Bayesian genotypic clustering

Number of populations (K) and clustering solutions

Results from the STRUCTURE analysis showed steadily increasing values of log likelihoods from K=1 to 20 subpopulations (Figure 1). The largest ΔK value, ΔK=5, was at K3K2, followed by second and third modes at K8K7 and K15K14, respectively (Figure 1). These were not strong or conclusive as compared with, for example, ΔK=130 reported by Frantz et al. (2006). Variance in the log likelihoods for a given K increased at high values of K (K>16) as has been reported with other data sets (Rosenberg et al., 2001; Evanno et al., 2005).

Figure 1
figure 1

Likelihood plot of STRUCTURE results. The black points are the likelihood values and the grey points are the estimated delta values. The plot illustrates the difficulty in deciding the most likely number of subpopulations in the data set.
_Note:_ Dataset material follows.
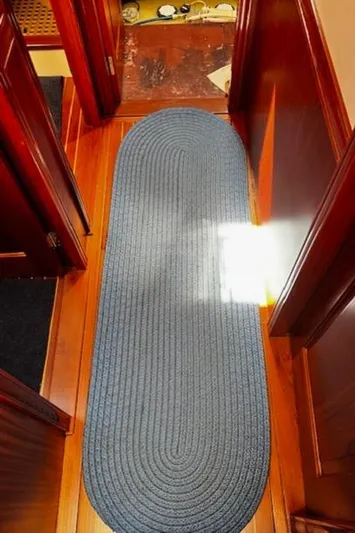 Moses Yacht Photos Pics Blue oval rug on polished wooden floor of 2003 Lyman-Morse Wesmac Sportfish Cruiser.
At K=2 there was inconsistent clustering solutions between runs. At K=3 the Asian lines either clustered with the British Landrace line or independently. Regarding the clustering patterns, until K=4 the Asian lines clustered with the British populations. The British Lop and the British Landrace lines consistently clustered together (Figure 2a). At K=12, in three out of five replicates British Saddleback individuals split over two clusters and the Berkshire and Gloucestershire Old Spots clustered together (Figure 2a, Table 2). The British Lop split from the British Landrace lines at K=13 to form its own cluster. At values greater than K=16 the confidence of assignments fell dramatically, with ‘ghost’ or empty clusters observed. For the remaining breeds the results were inconsistent between the runs such that a large number of clustering solutions were depicted. The clustering solutions reproduced in Figure 2a are a consensus of 5 replicate runs. As can be seen, there is partial hierarchical splitting of clusters at each stage (Figure 2a), but also some inconclusive splitting: for instance, Gloucestershire Old Spots splitting (K=10) and then rejoining Berkshire (K=12). A sensitivity analysis was conducted where various starting parameters including ALPHA (the degree of admixture), ALPHAPROPSD (standard deviation for ALPHA that allows for better mixing in the Metropolis-Hasting chain) and LAMBDA (distribution of allelic frequencies) varied from the default values in an attempt to produce more repeatable results. This did not decrease the variation in log likelihood estimates at high K values, nor alter the log likelihood curve or the inconsistent clustering solutions.

Figure 2
figure 2

Individual assignment based on Bayesian genotypic cluster analysis, at various values of K. Histograms demonstrate the proportion of each individual's genome that originated from each of 18 populations. Each individual is represented by a vertical line corresponding to its membership coefficient (q). (a) Histograms constructed from STRUCTURE results. Histograms are a consensus view across five replicates. (b) Histograms constructed from BAPS results. (c) Histograms constructed from STRUCTURAMA results. STRUCTURAMA could not converge on a solution for a fixed value of K=10.

Table 2 Comparison of breed allocations to groups using different methods

Unlike STRUCTURE, BAPS provided a probabilistic approximation of the number of clusters when K was left undefined and the optimal partition was identified at K=18 (Pr (K=18X)=1.0). At K=18, all populations formed their own independent cluster except: (i) the two Large White lines formed one population and, (ii) the Asian Meishan GB line split over two populations. When K was predefined the clustering solutions were identical between replicate runs at a given K value. At K=2, the Asian populations formed one cluster separate from the British populations. As K increased, the commercial breeds first split away to form their own clusters: the Large White (K=4), British Lop-Landrace lines (K=6), Hampshire (K=7), Duroc (K=8) and Pietrain (K=9). The Middle White and Tamworth were the only two traditional British breeds that split at lower K values to occupy independent clusters (K=9 and K=8, respectively). This left the remaining four traditional British breeds Berkshire, British Saddleback, Gloucestershire Old Spots and Large Black as a single cluster from K=7 to 10 (Figure 2b). Once the commercial breeds inhabited independent clusters, at K=9, the group of four indigenous breeds began to split. Berkshire and British Saddleback formed a single cluster from K=11–14. At K=12, the two Asian Meishan lines split to occupy independent clusters (Figure 2b, Table 2). The grouping of British Lop-Landrace into a single cluster was observed until K=9. At K=19 the first ‘ghost’ population was observed. In the BAPS analysis the British Saddleback did not split into two clusters at any point; instead all individuals formed a single genetic population from K=14–18 (Figure 2b).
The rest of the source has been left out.